All of what has been said above has referred to the revamping of existing mills into Z-High® millss. However, should we design a Z-High® mill right from the beginning, we can make such a mill considerably smaller in size. This would be made under the assumption that each pass would take the same amount of reduction as an equivalent 4-High. The Z-High®, nevertheless, would have the ability to continue making more passes and reducing the metal, where roll flattening on a standard 4-High would prohibit further reduction. On the Z-High®, due to the smaller-diameter work roll, the roll separating force is smaller and, consequently, the diameter of the backing roll and its bearings can be substantially reduced in size. With a smaller-diameter backup roll, the housing can be scaled down in weight to approximately half the size of an equivalent 4-High housing. In effect, we would then produce a rolling mill that could be substantially lighter, more efficient, and less expensive.
Having explained what the Z-High® looks like and some of the different modes in which it can be transformed, let us examine some practical applications:
In stainless steel, 20-High Cluster Mills have dominated the market. However, some works have older 4-High mills that have been built with high torque in order to prereduce heavy-gauge hot-rolled strip. By converting these mills to Z-High® mills, not only would they retain their breakdown capability, but they could also serve as finishing mills. In stainless steel, there are also some ultrawide applications in the 2-meter width and wider where the Z-High® mill could give new reduction possibilities. Elimination of intermediate anneals, better gauge accuracy, and improved surface finish are additional benefits. In this category, I would also put wide stainless plate mills and stainless clad steels.
In the non-ferrous field, there is demand for thinner-gauge brass and copper. Mills for such materials, in order to keep good production volume, have to go to high speeds. Consequently, heat extraction is an important factor. The Z-High® mill has proven itself superior in this respect, having operated with speeds of up to 7,000 RPM at the work roll.
Another way to approach this thin-gauge market is to use two or even three mills in tandem. One such installation in Canada reduces strip from 0.0045" all the way down to 0.00075" in only two passes. This is a reduction of over 80% and, with bigger-size coils, generates miles and miles of strip every hour.
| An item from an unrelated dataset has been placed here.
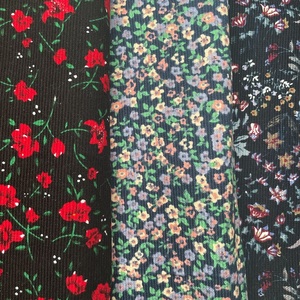Tissu souple en <span class=keywords><strong>velours</strong></span> côtelé Pinwale 100% coton, Design Floral personnalisé, 16w - Product Image 6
Coming to carbon steels, advantages similar to stainless steel could take place in high-carbon and medium-carbon applications. An interesting application would be to calibrate thick, medium-carbon strip in one pass to narrow tolerances, which subsequently would be required for press applications.
For low-carbon installations, a Z-High® in four and five-stand tandem mills would give those mills completely new parameters for rolling new products to thinner gauges or in low-alloy high-strength steels. Another interesting application would be in the skinpass mill, where shape control is important and the axial displacement of intermediate rolls is advantageous.
There might also be interest in using the Z-High® mill for rolling aluminum. The Z-High® would be the only practical mill capable of using work rolls of a small enough diameter that a tungsten carbide composition is possible, thereby giving the aluminum strip unsurpassed surface finish.
The Z-High® is a new concept and, be it a retrofit or a new mill, it has yet to make its mark in the rolling mill field. However, the initial results of operation on over a dozen mills indicate that it has very interesting potential, and the incoming inquiries and the studies that have been made on pre-engineered mills show that multiple advantages can be obtained for a very modest investment.